GLOBANT, a software development company with its headquarters in Luxembourg, seems to be the latest victim of the Lapsus$ hacking outfit.
This week, the group declared that it was "back from vacation," and it posted a 70GB torrent file on its Telegram channel, claiming that the dump included, among other things, Globant's customer source code.
Google, LinkedIn, Electronic Arts, and Coca-Cola are just a few of the company's customers. Last year, a member of Lapsus$ gained access to Electronic Arts' endpoints, while it is unknown if the two breaches had anything in common at the attack. Another image shared by Lapsus$ showed a folder holding several alleged Globant customers, including Facebook, Citibank, and C-Span.
The Lapsus$ hacking group gained headlines for the first time in December 2021 when it conducted a ransomware attack against the Brazilian Ministry of Health, taking the COVID-19 vaccination data of millions of Brazilians in exchange for money.
Since then, it has targeted several high-profile technical companies, getting information from Nvidia, Samsung, Microsoft, and Vodafone, among other companies. Aside from that, Lapsus$ was able to disrupt several Ubisoft services and get access to a laptop belonging to an Okta contractor, potentially putting the data from hundreds of organizations who rely on the service in danger. It is also suspected of being responsible for the attack on EA Games that occurred last year.
Shortly after the Okta attack, a report identified a teenager from England as the mastermind of the hacking ring, with another teenage member perhaps living in Brazil, according to the article. One of the group's members is believed to be so skilled at hacking that analysts felt the group's operation was being carried out automatically. The London police busted the Lapsus$ group on March 24th, and seven juveniles were taken into custody.
Other resources included a list of company passwords that the firms in question used to log into source code sharing websites such as GitHub, Jira, Crucible, and Confluence.
According to the researchers, there are multiple repositories containing "very sensitive information," according to the researchers. This includes TLS certificate private keys and chains, Azure keys and API keys for third-party services, 7,000 candidate resumes, more than 150 databases, and a "large number" of private keys for various services.
A statement to TechCrunch admitted the attack, stating it uncovered unauthorized access to a "limited portion" of its corporate code repository. Globant declined to comment more. According to the statement, an investigation is now being conducted.
Some cybersecurity specialists seem to believe that the publication is genuine.

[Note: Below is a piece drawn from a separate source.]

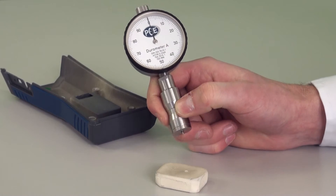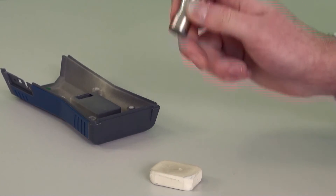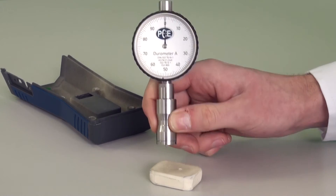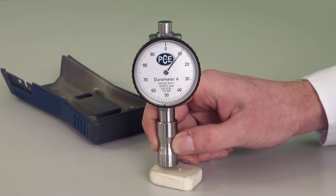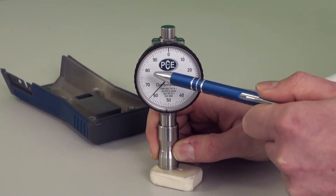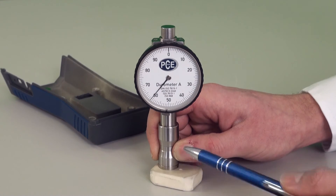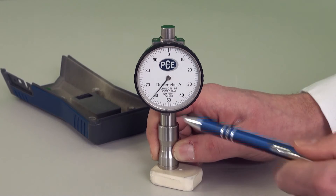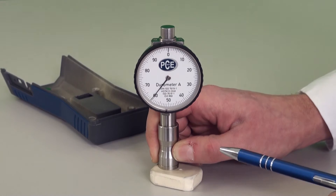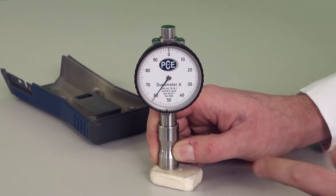We will now do a measurement with the durometer on a rubber part and on an injection molding where the rubber part is applied. For this you simply take the durometer and put it flat onto the surface. You see the stroke, and as soon as the pointer goes a little back you feel that the rubber relaxes. When the pointer is stable we can read the value. We have here a hardness of around 60 Shore A with this rubber part.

SOS Intelligence CEO Amir Hadzipasic remarked on the breach for the same journal, stating that the leak is genuine and very significant in terms of the company Globant and the people who the hack has impacted.
As of early 2022, Lapsus$ has risen to become one of the most notorious names in the tech industry, having hacked into the systems of several major tech companies, including Nvidia, Samsung, LG, Microsoft, and Okta.
Many suspected Lapsus$ members have been imprisoned in the United Kingdom. They are believed to be handled by a teenager who lives with his mother. Several suspected Lapsus$ members have recently been apprehended in the United Kingdom.